--- Problem ---
Send each entry back exactly as given, pictures excluded.

##### Data #####

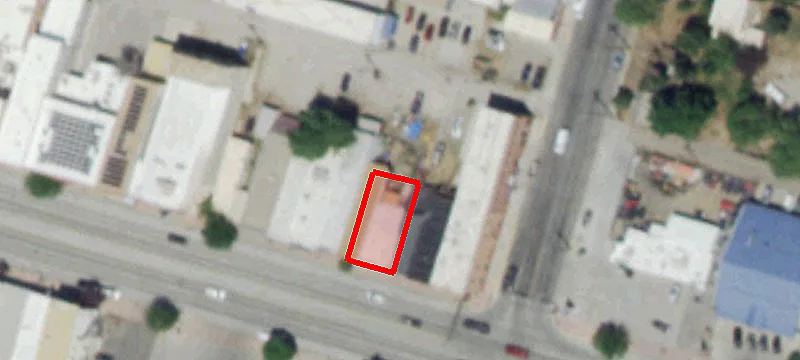 220 Main St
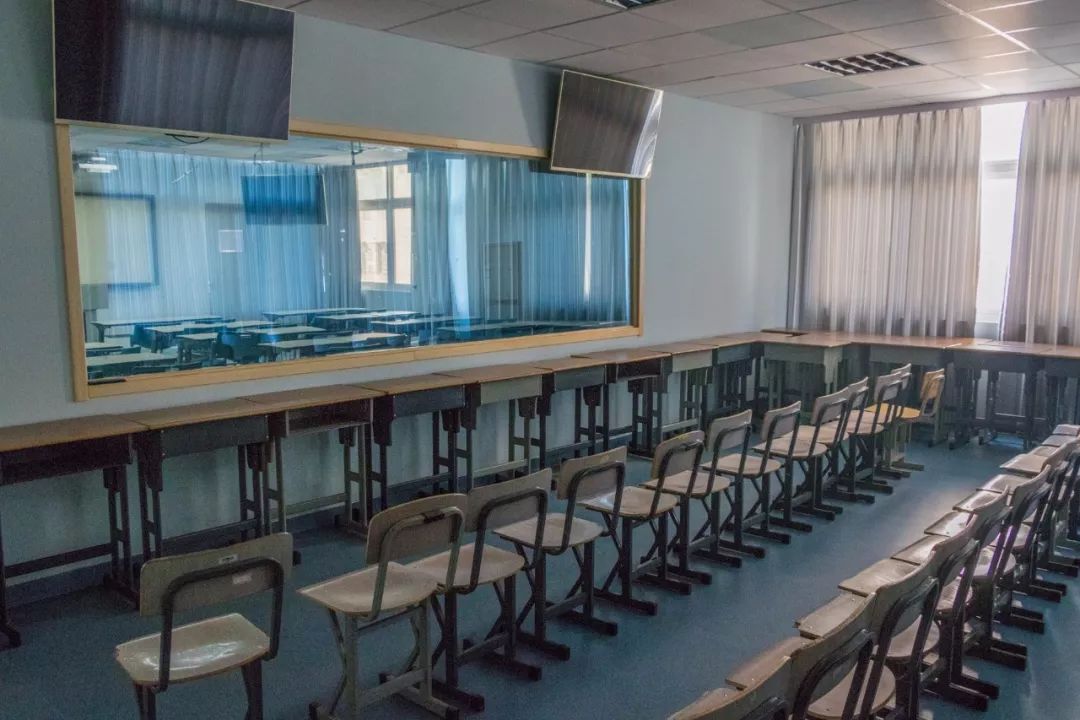 南京这所中学500元建校，出了2位世界冠军，最擅长的却是买买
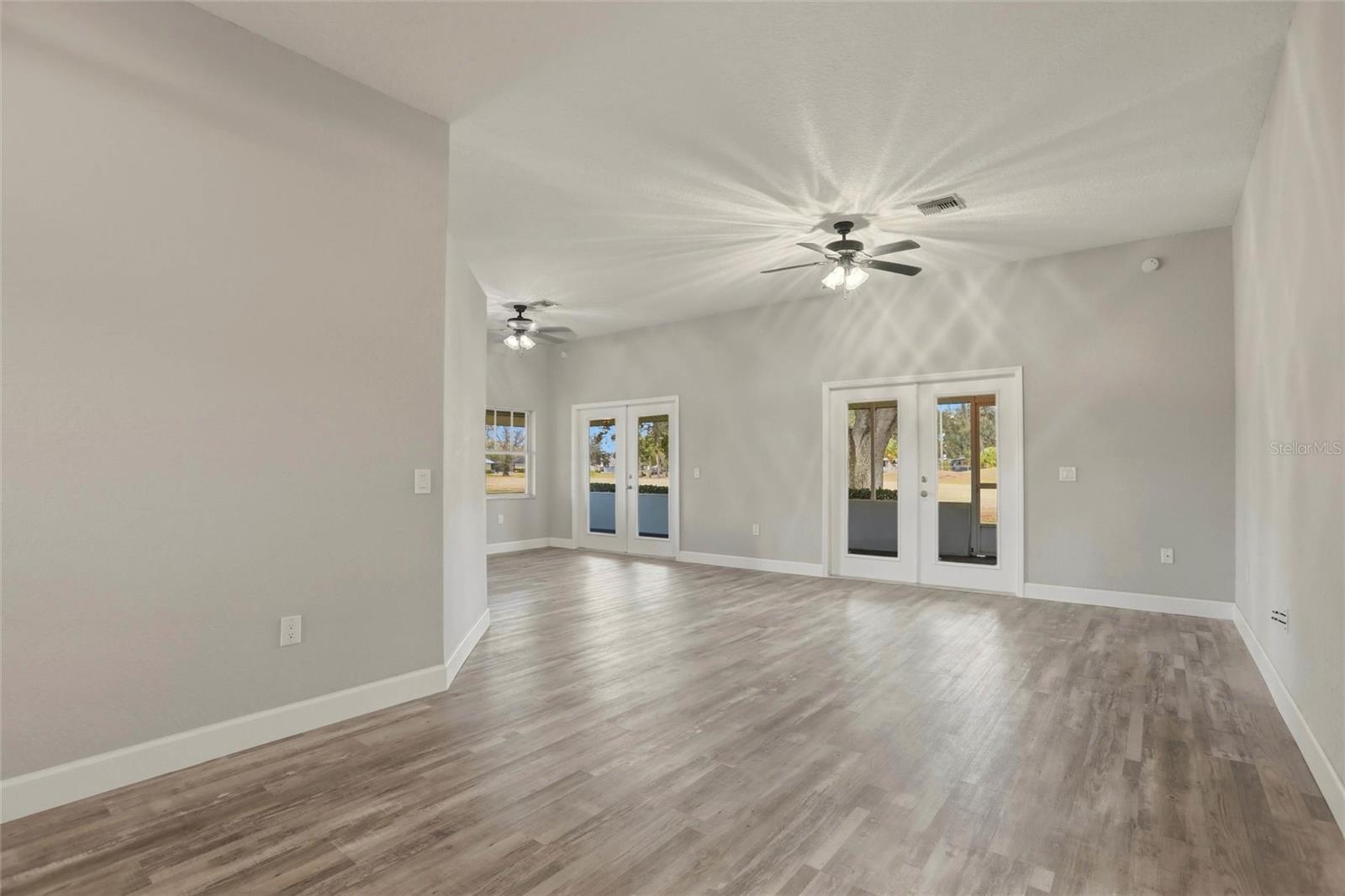 2992 Oaks Bnd Property Photo 8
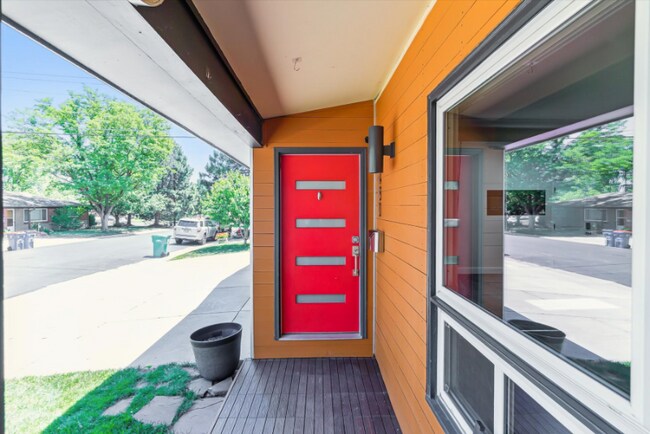 5480 W Iowa Ave in Lakewood, CO - Building Photo - Building Photo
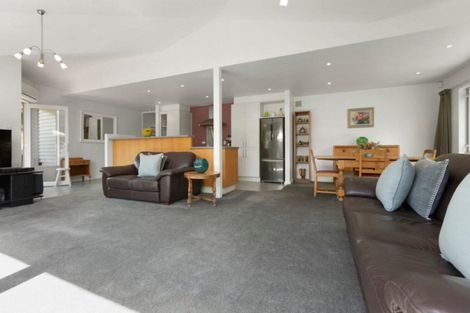 Photo of property in 20 Malabar Drive, Ellerslie, Auckland, 1051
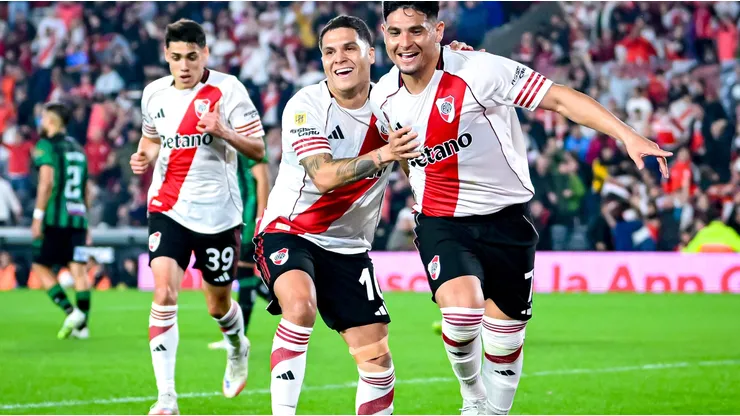 Maxi Salas celebrando su gol ante San Martín de San Juan.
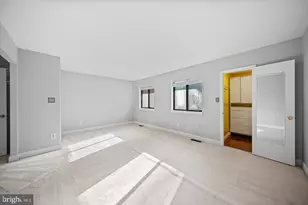 3895 Steppes Ct, Falls Church, VA 22041 - Photo 12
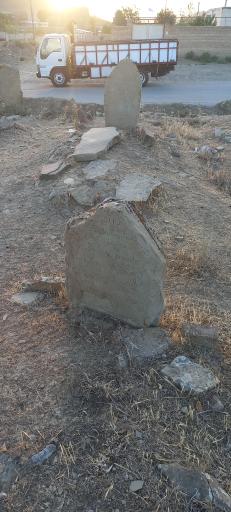 عکس گورستان تاریخی راز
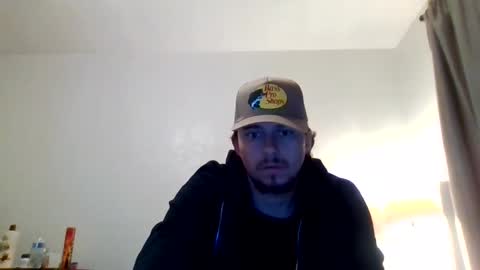 Snapshot of cloudyydayzz chatting on 02-13-26, 11:17 tallhungandcloudy online show from 02-13-26, 11:17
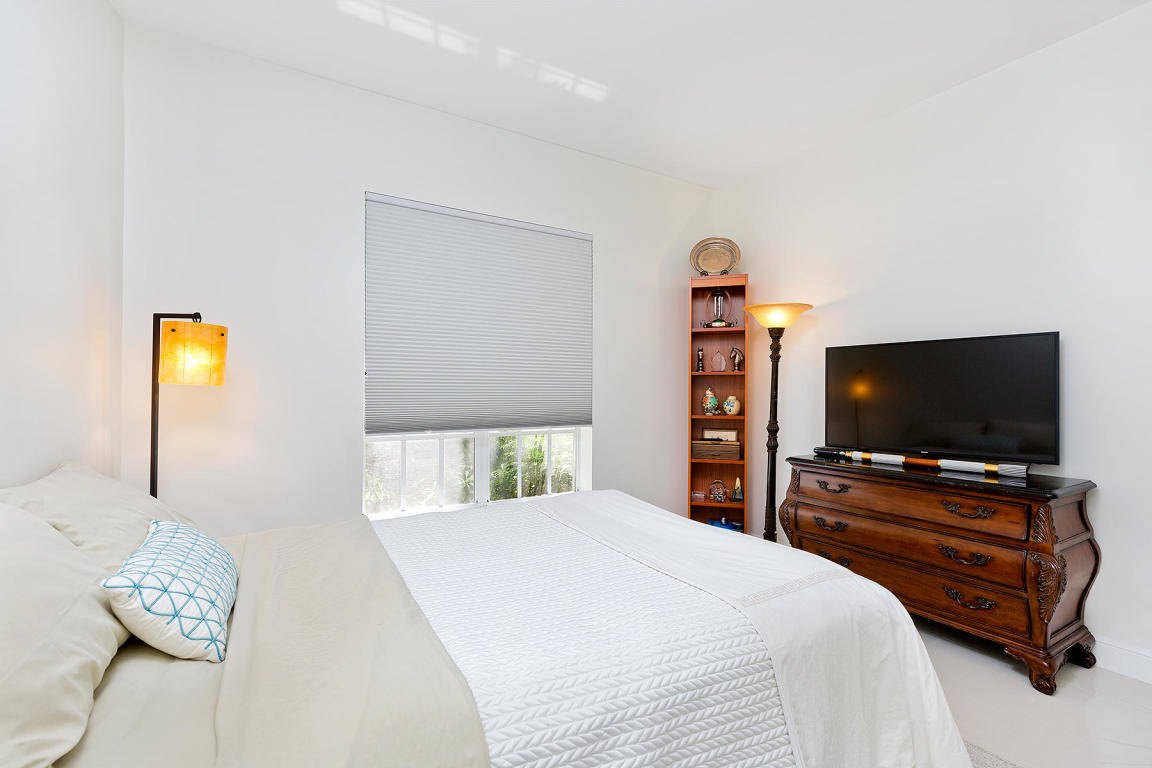 SOLD - 2873 Winding Oak Lane A, Wellington, FL 33414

#####

--- Problem solution ---
 220 Main St
 南京这所中学500元建校，出了2位世界冠军，最擅长的却是买买
 2992 Oaks Bnd Property Photo 8
 5480 W Iowa Ave in Lakewood, CO - Building Photo - Building Photo
 Photo of property in 20 Malabar Drive, Ellerslie, Auckland, 1051
 Maxi Salas celebrando su gol ante San Martín de San Juan.
 3895 Steppes Ct, Falls Church, VA 22041 - Photo 12
 عکس گورستان تاریخی راز
 Snapshot of cloudyydayzz chatting on 02-13-26, 11:17 tallhungandcloudy online show from 02-13-26, 11:17
 SOLD - 2873 Winding Oak Lane A, Wellington, FL 33414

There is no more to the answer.